Estimator with algorithm about graphs

111 Views Asked by At

Consider an undirected graph $G=(V,E)$ representing the social network of friendship/trust between students. We would like to form teams of three students that know each other. The question is to decide whether the network allows for enough such teams, without checking all the triples of graph $G$. For this reason, we use random sampling to design an efficient estimator of the number of connected triples. We partition the set of node triples into four sets $T_0,T_1,T_2$, and $T_3$. A node triple $v1,v2,v3$ belongs to:

  • $T_0$ iff no edge exists between the nodes $v1,v2$, and $v3$,
  • $T_1$ iff exactly one of the edges $(v1,v2)$, $(v2,v3)$, and $(v3,v1)$ exists,
  • $T_2$ iff exactly two of the edges $(v1,v2)$, $(v2,v3)$, and $(v3,v1)$ exist,
  • $T_3$ iff all of the edges $(v1,v2)$, $(v2,v3)$, and $(v3,v1)$ exist.
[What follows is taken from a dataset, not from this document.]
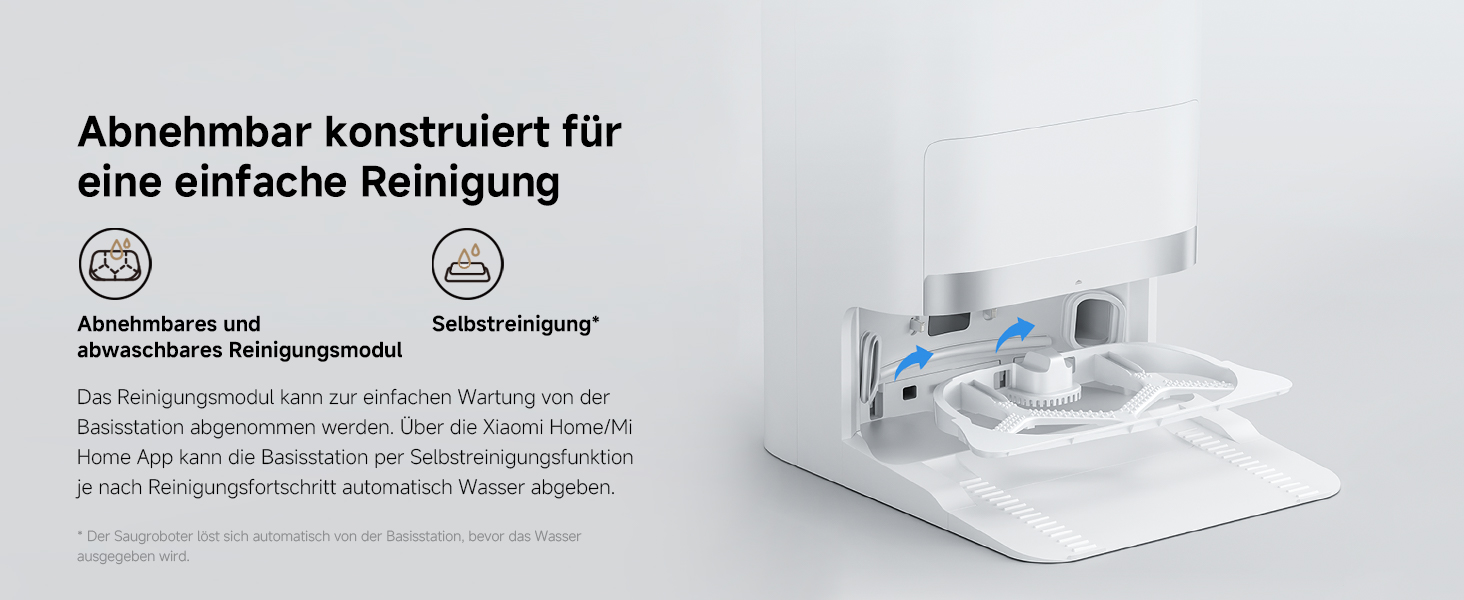 Робот-пилосос Xiaomi Robot Vacuum X20+ з функцією вологого прибирання, потужність всмоктування 6000 Па, підйомні швабри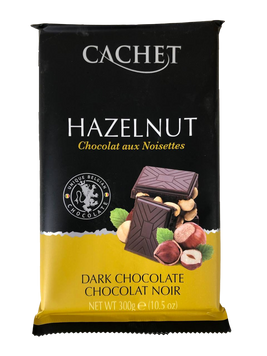 Шоколад чорний з горіхами №49 Кашет Cashet hazelnyt 300g 12шт/ящ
$|T_3|$ denotes the number of connected triples in the graph that is the quantity we need to estimate. Consider the following algorithm:

• Sample an edge $e=(a,b)$ uniformly chosen from $E$

• Choose a node $v$ uniformly from $V \setminus(a,b)$

• if $(a,v)∈E$ and $(b,v)∈E$ then $x=1$, else $x=0$

Let $x_1, x_2, . . . x_s$ be the outcomes of $s$ independent executions of the algorithm. Show that

$\frac{1}{s}$ $\displaystyle\sum_{i=1}^s x_i \frac{|E|(|V|-2)}{3}$ is an estimator of $|T_3|$.

I have to do this exercise in a university course of algorithms. The problem is I have no skills about statistics and the course doesn't give anything about this arguments, and I don't know neither how to start to prove this. Could someone give me help?

1

There are 1 best solutions below

6
On BEST ANSWER

The exercise is wrong in asking you to show that something is an estimator. There's nothing to show there, since you can use whatever quantity you want as an estimator for $|T_3|$. It's not part of the definition of an estimator that it bears any particular relationship to the estimated quantity. There are specific properties of an estimator, such as being unbiased, efficient or sufficient, which can be proven, but you can’t “show” that something is an estimator of $|T_3|$.

A reasonable guess at what they mean is that this is an unbiased estimator of $|T_3|$, i.e. that the expected value of this estimator is the true value of $|T_3|$.

To show that this is the case, first consider the simpler procedure of uniformly randomly selecting any of the $\binom{|V|}3$ potential triangles between any $3$ vertices. In this case, we'd expect to select a triangle of three existing edges with probability

$$ \frac{|T_3|}{\binom{|V|}3}\;, $$

so

$$ \frac1s\sum_{i=1}^sx_i\binom{|V|}3 $$

would be an unbiased estimator of $|T_3|$. Note that this procedure is equivalent to first uniformly randomly selecting a pair of vertices (i.e. a potential edge) and then uniformly randomly selecting a third, different vertex. That suggests a more efficient approach: Since the contribution to the estimator from the sum will be $0$ if we select a pair of vertices that aren’t connected by an edge, we can instead uniformly randomly select an existing edge. The result is the procedure specified in the exercise. We're now ignoring the zero contributions from vertex pairs not connected by an edge; we're still uniformly sampling the remaining contributions from vertex pairs connected by an edge, but by a factor

$$ \frac{\binom{|V|}2}{|E|} $$

more often than before. Thus the expected value of $x_i$, i.e. the probability of sampling a triangle, is now

$$ \frac{|T_3|}{\binom{|V|}3}\cdot\frac{\binom{|V|}2}{|E|}=\frac3{|E|(|V-2|)}\cdot|T_3|\;, $$

and so

$$ \frac1s\sum_{i=1}^sx_i\frac{|E|(|V-2|)}3 $$

has expected value $|T_3|$ and is thus an unbiased estimator of $|T_3|$.